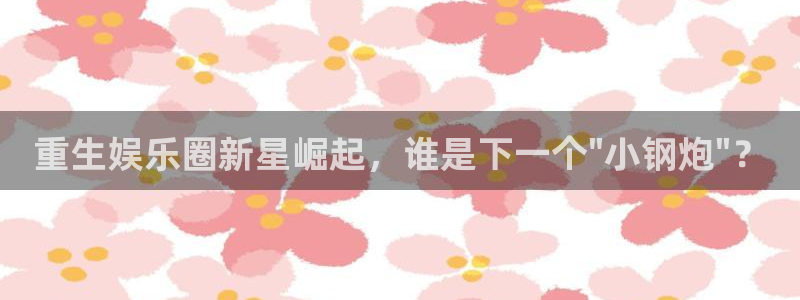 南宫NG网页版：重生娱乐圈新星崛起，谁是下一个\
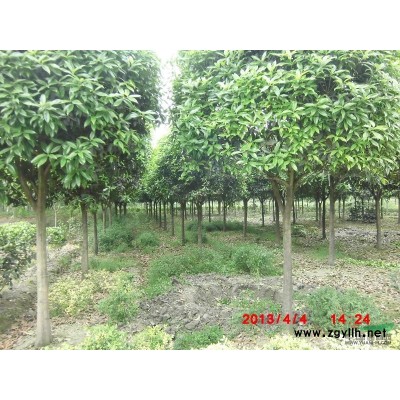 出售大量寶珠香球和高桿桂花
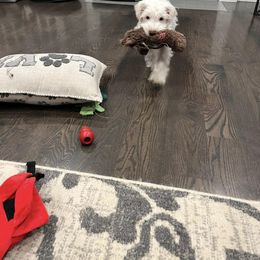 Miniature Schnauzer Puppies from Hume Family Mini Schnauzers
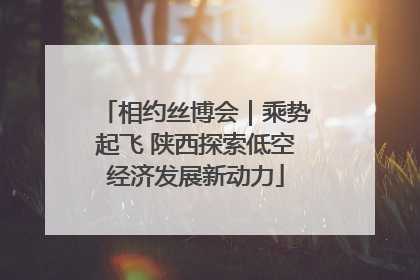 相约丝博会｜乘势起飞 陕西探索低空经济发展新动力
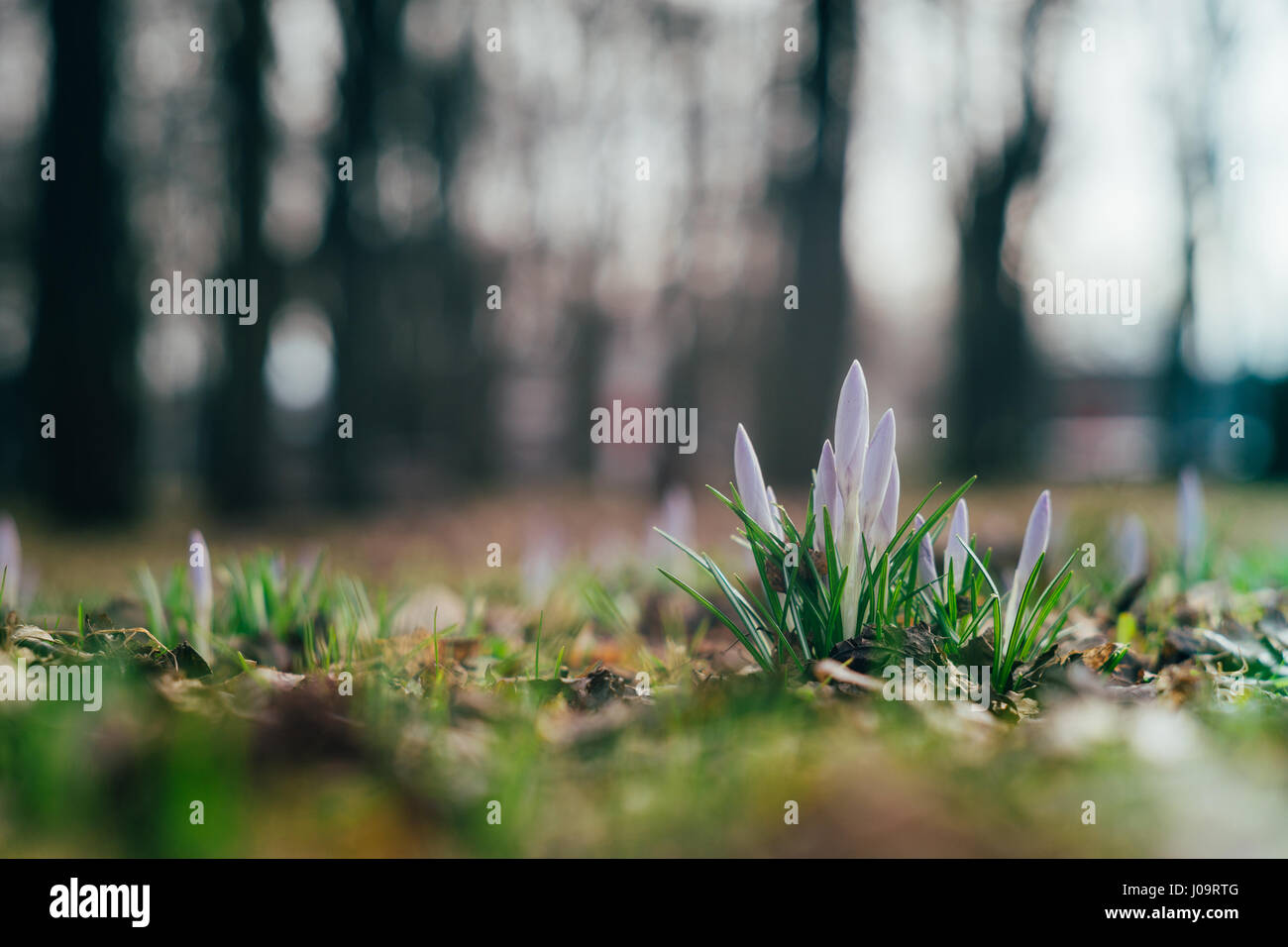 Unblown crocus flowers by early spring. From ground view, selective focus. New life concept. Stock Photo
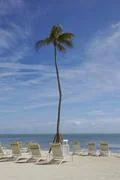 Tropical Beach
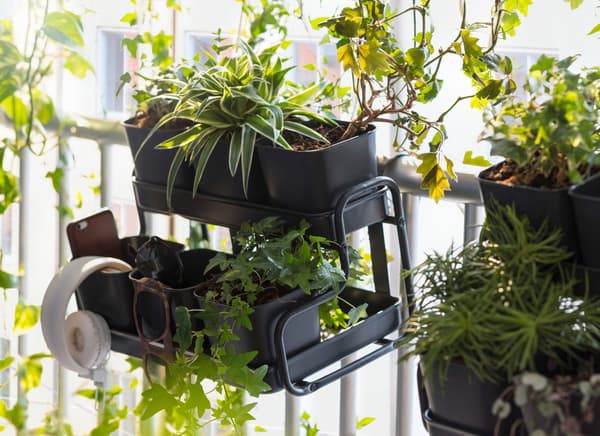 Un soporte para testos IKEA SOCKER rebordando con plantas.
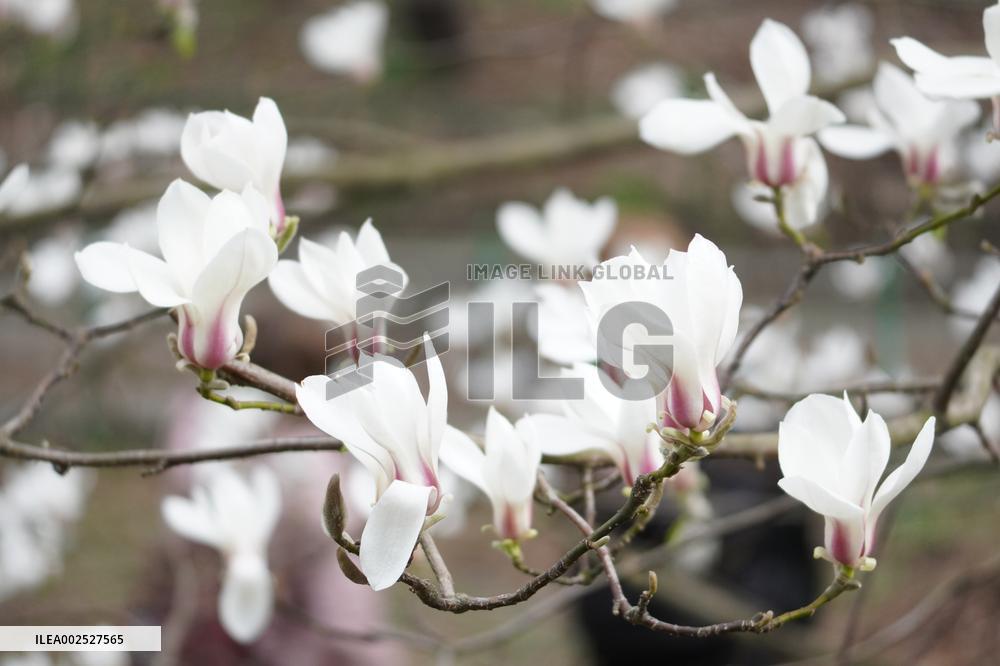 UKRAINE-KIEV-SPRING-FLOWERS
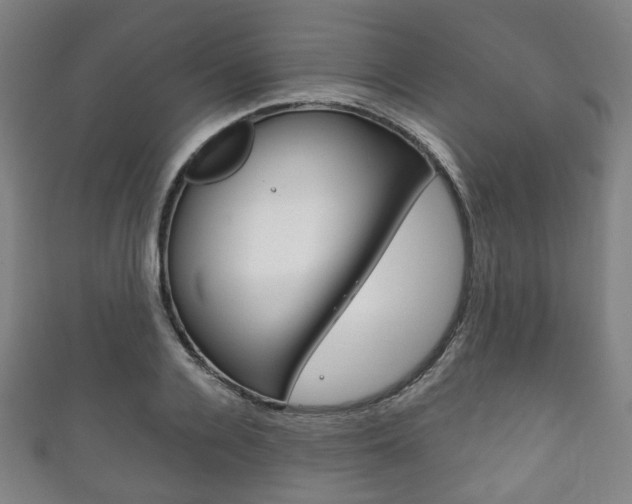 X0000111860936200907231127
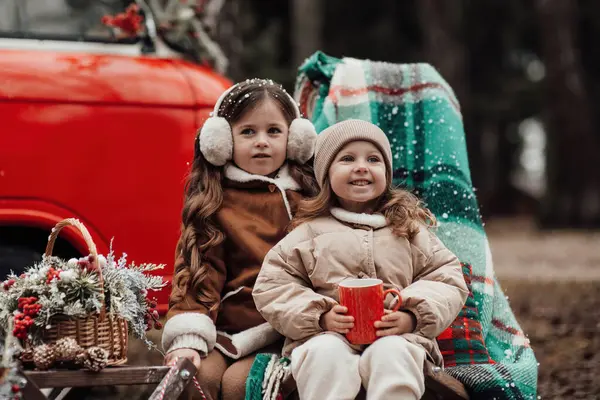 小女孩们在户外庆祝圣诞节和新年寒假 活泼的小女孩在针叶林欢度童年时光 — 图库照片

Work order — Transcribe everything above exactly. Do not include the pictures.

Solution to the problem —
 南宫NG网页版：重生娱乐圈新星崛起，谁是下一个\
 出售大量寶珠香球和高桿桂花
 Miniature Schnauzer Puppies from Hume Family Mini Schnauzers
 相约丝博会｜乘势起飞 陕西探索低空经济发展新动力
 Unblown crocus flowers by early spring. From ground view, selective focus. New life concept. Stock Photo
 Tropical Beach
 Un soporte para testos IKEA SOCKER rebordando con plantas.
 UKRAINE-KIEV-SPRING-FLOWERS
 X0000111860936200907231127
 小女孩们在户外庆祝圣诞节和新年寒假 活泼的小女孩在针叶林欢度童年时光 — 图库照片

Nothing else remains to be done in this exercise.